(Description of the task)
Only the lines from the one holding "Septarian Dragon Egg" to the end of the data should be echoed, exactly as they appear, minus the pictures.

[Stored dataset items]
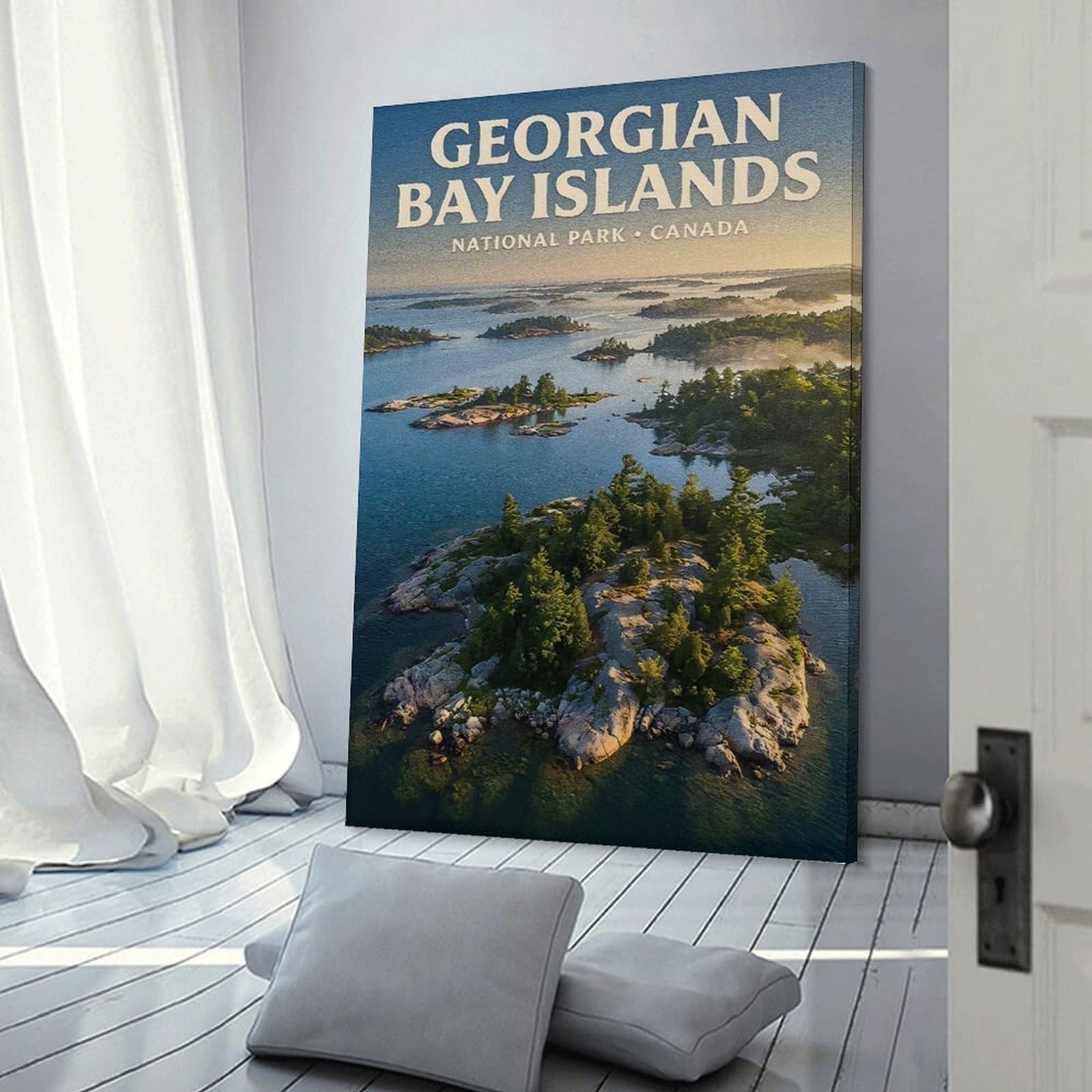 Junmoney Georgian Bay Islands National Park, Canada Home Decor Wall Art, 08x12inch(20x30cm), for Home Walls, Creative Rooms Or Shared Spaces, An Adaptable Decor Piece for Home Use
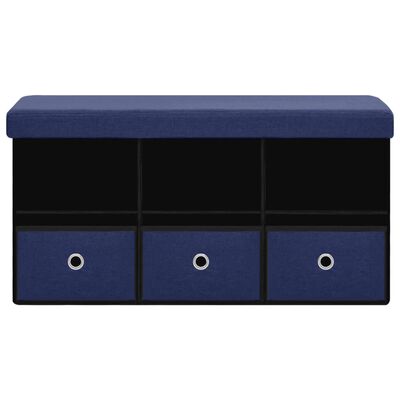 vidaXL soliņš ar kasti, zils, 76x38x38 cm, mākslīgais lins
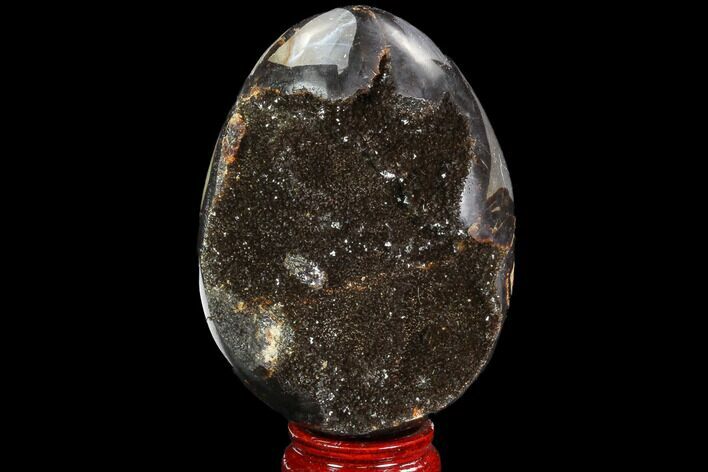 Septarian Dragon Egg Geode - Black Crystals #96024
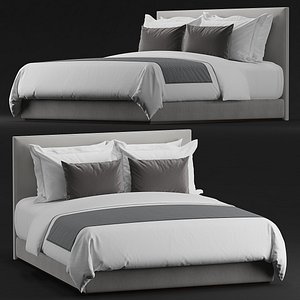 Hotel Guestroom Bed Set with Pillows and Blanket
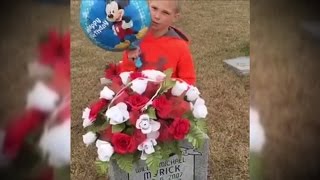 See Boy Bring Mickey Mouse Balloon To Twin's Grave On Their 10th Birthday See Boy Bring Mickey Mouse Balloon To Twin's Grave On Their 10th Birthday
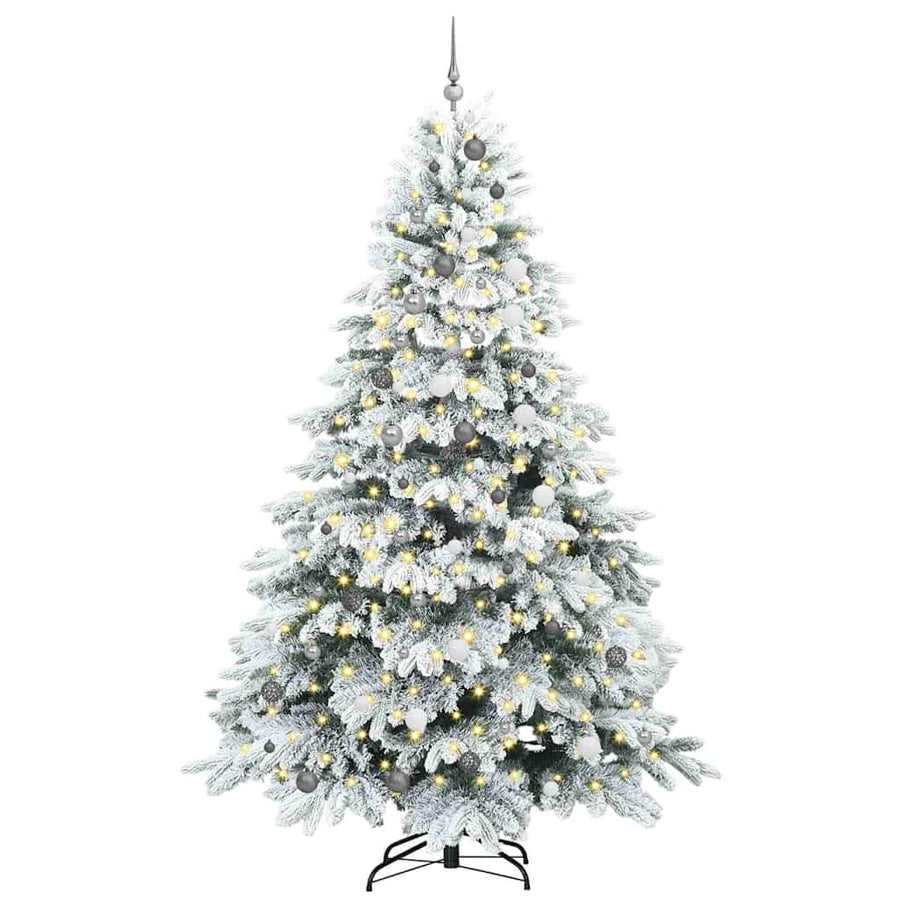 Kunstkerstboom met 300 LED met standaard Groen 240 cm PE en PVC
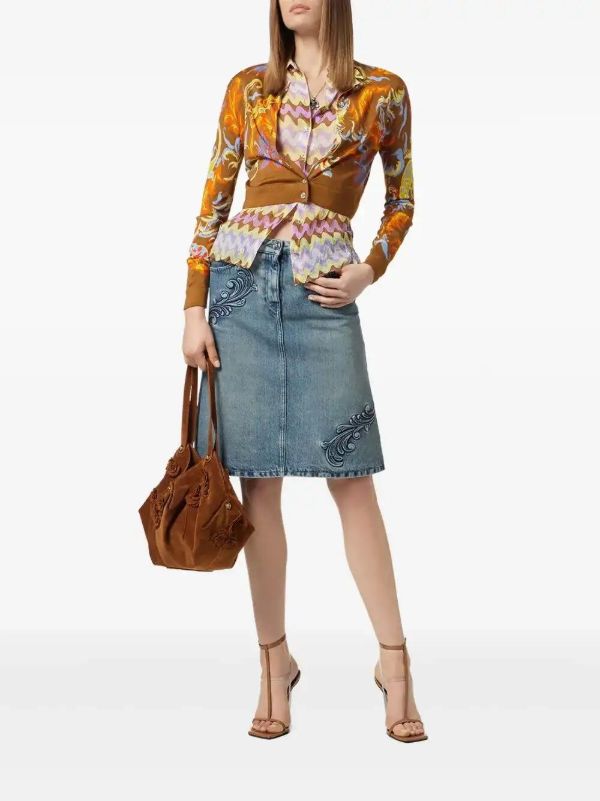 Versace Exotic Barocco Cropped Cardigan | Browns Cardigans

(Result of this exercise)
 Septarian Dragon Egg Geode - Black Crystals #96024
 Hotel Guestroom Bed Set with Pillows and Blanket
 See Boy Bring Mickey Mouse Balloon To Twin's Grave On Their 10th Birthday See Boy Bring Mickey Mouse Balloon To Twin's Grave On Their 10th Birthday
 Kunstkerstboom met 300 LED met standaard Groen 240 cm PE en PVC
 Versace Exotic Barocco Cropped Cardigan | Browns Cardigans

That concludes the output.